Last year alone, 67 journalists were arrested and over 200 physically attacked across India, according to a study by the Free Speech Collective. While specific numbers for Tamil Nadu are unavailable, several journalists told Newslaundry about their experiences.
Anbarasan, a News18 reporter, said he was attacked by members of a Hindu group, the All India Hindu Mahasabha, in Chennai three months ago during the course of his work. He had been reporting on one of the group’s leaders, K Srikandan, also known as Kodambakkam Sri, being charged with sexual harassment of his employee. Srikandan was being produced before a magistrate and Anbarasan was in attendance.

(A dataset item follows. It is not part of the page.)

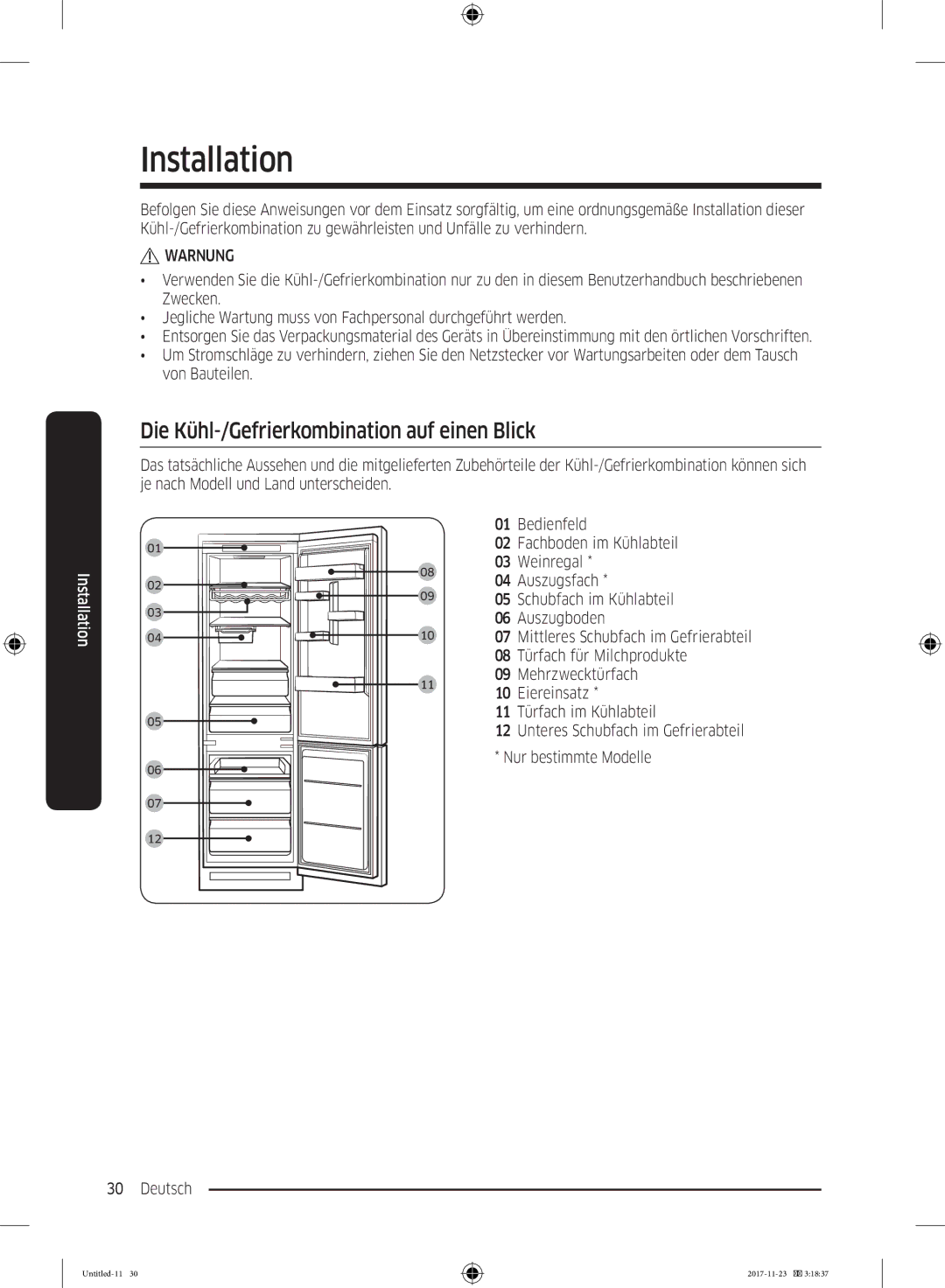 Samsung BRB260130WW/EF, BRB2G0135WW/EG, BRB2G0131WW/EG manual Installation, Die Kühl-/Gefrierkombination auf einen Blick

“When I was taking photos, the members of the outfit took my phone forcefully, hit me, and unleashed words of abuse,” he said. He added that he did not file a complaint due to “personal reasons”, despite support from his employer.
Delays in attaining justice and hurdles in the legal process often act as barriers for journalists in pursuing the cases. In some cases, organisations that initially support them fail to follow up till the end.
During the 2006 local body election in Chennai, CS Koteeswaran, then a reporter covering the Chennai Corporation for Deccan Chronicle, claimed a policeman “held his shirt” and “intimidated” him for taking photos of booth capturing in Chepauk-Triplicane. “I didn’t file a complaint because I am certain that I won’t get justice,” he said.
A journalist with an English newspaper in Chennai told Newslaundry, “It has been two years since I filed a case against a person who manhandled me for writing about a godman in Tamil Nadu. The case has not yet been numbered in the court. He is now out on bail.”
Need for strong legislation
Maharashtra is the only Indian state to have an act – the (Prevention of Violence and Damage or Loss to Property) Act, 2017 – to protect journalists and mediapersons from acts of violence. According to the act, this violence is cognizable and non-bailable in the state, and cases will be investigated by an officer not below the rank of deputy superintendent or assistant commissioner.
While states like Chhattisgarh and Bihar are reportedly similar legislations, there’s nothing in Tamil Nadu so far. For more than five years, many journalists unions including the Chennai Press Club have been urging the state government to introduce legislation to protect journalists from attacks and assaults.
“A legislation might not stop violence on journalists, but it reduces it. Just like attacks on doctors is a non-bailable act, violence against journalists should be too,” said Bharathi Thamizhan, the joint secretary of the Chennai Press Club.
Koteeswaran, the reporter allegedly intimidated in 2006, agreed. He said those involved in physically attacking journalists should be charged under acts like the Goondas Act, which provides year-long preventive detention of habitual offenders.
A major issue in the state is that the Tamil Nadu press accreditation committee provides accreditation cards only to print and television journalists who work for organisations; freelancers and those associated with digital platforms are not given these passes. Koteeswaran said, “Temporary cards should be provided to freelancers to extend protection to everyone.”